MAC's Public Involvement Blog

Throwing snowballs at moving trucks

Posted: 2 November, 2010 by  

Looking for enlightenment from those putting the new commissioning system in place about how accountability to patients and the public will work?  So are we, but none was forthcoming at the recent session of the Health Select Committee quizzing DH mandarins David Nicholson, Barbara Hakin, David Colin-Thome and Ben Dyson.  What sounded like evasion on the accountability point turned out to be an admission that they hadn’t got to that point in their thinking yet (but rest assured they would soon).  It would all be in the constitution of each consortium, they assured the Committee.  And the NHS Commissioning Board would hold consortia to account for it.  But what would “it” be wondered some of the committee members if consortia were being asked to work out their own constitution and not follow a national model?

We’ve excerpted some of the thrust and parry around the accountability question below.  Be assured that no witnesses or MPs were harmed in the fancy bladework involved in making this post.

Consortium “boards” meet in public?

Rosie Cooper (Lab-West Lancs)  made a quick thrust:   This White Paper is huge on autonomy and very, very poor on actual accountability.
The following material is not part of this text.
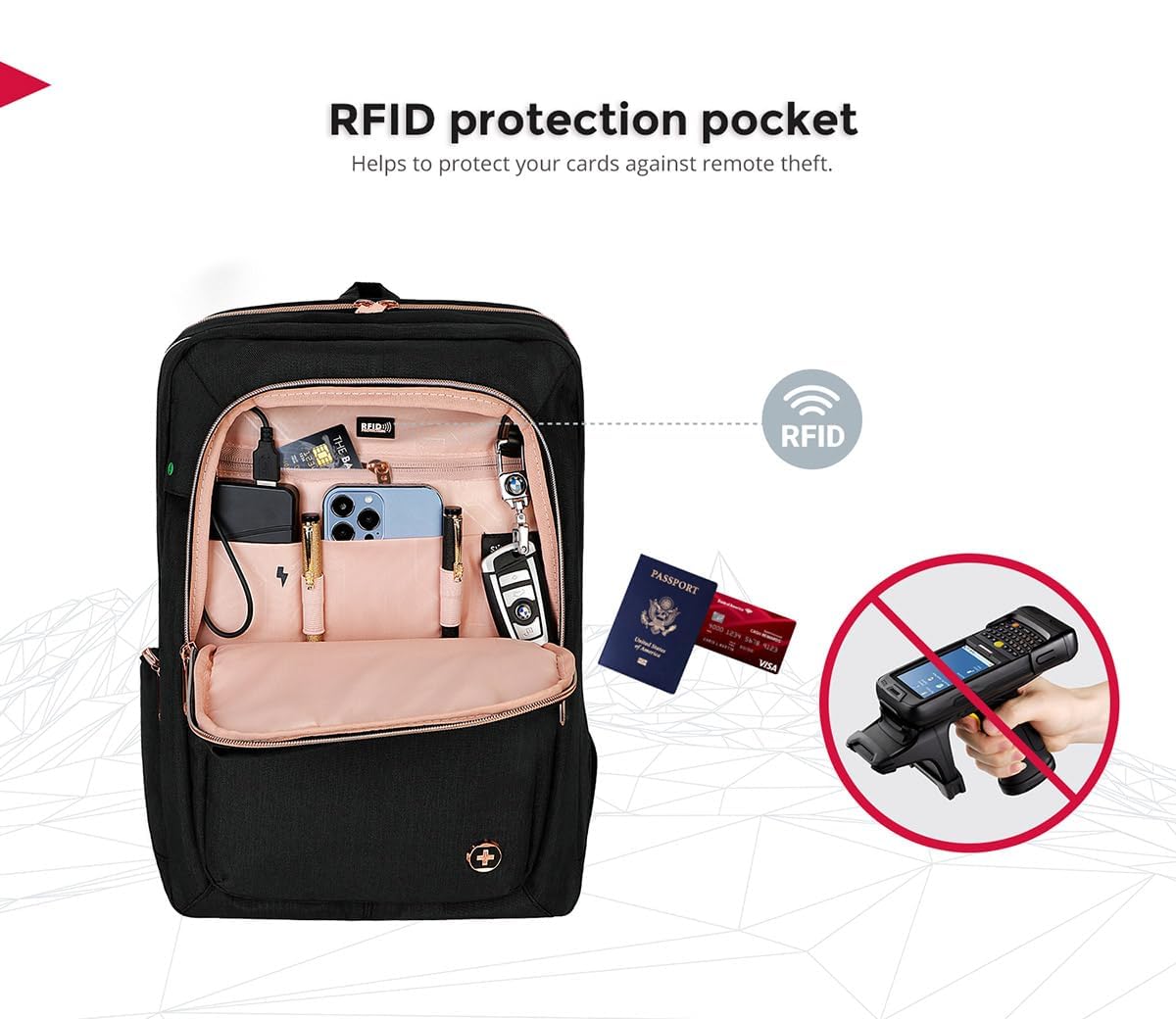 Swissdigital Stylish Women's Business Laptop Backpack with USB Charging Port - Fits 15.6 Inch Laptop, Waterproof Travel & Work Backpack for Office, Commuting & College (SD1006-01)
Will the consortia boards be (a) open to attendance by members of the public and (b) will there be non-executive directors on it?

Dame Barbara Hakin, National Managing Director of Commissioning Development, parried in response: In terms of the accountability and the public, I suppose a bit depends on whether you really see accountability and responsibility to patients and the public as being discharged simply through a board. You are right, and Ben made it very clear, that for the moment the consortia will have to have a constitution. They will have to be authorised. They will have to meet the principles of good governance. For their authorisation, they will have to demonstrate how they are properly accountable and how they are properly involving people in shaping their opinion, which are two different things.

“NEDS” on the commissioning boards?

Sir David Nicholson, Chief Executive of the National Health Service, redoubled the attack: The individual consortia are accountable to the National Commissioning Board. It is very clear. They are not accountable to anybody else.

Rosie Cooper riposted:  The whole basis of this change was set out by the Secretary of State to be based on transparency, openness and accountability to the public. People will be able to make real choice and be really involved. You have not described anything at the core where the power is being held. You haven’t described anything which shows that real people have any real access with training and ability to challenge at the level at which it will be required

Nicholson stood his ground: That is exactly what the local authority will be doing. The local authority will have the oversight of the commissioning process overall. It will have the power of the Joint Needs Assessment. It will have the public health budget. It will have access to all of those things in a way it has never had before.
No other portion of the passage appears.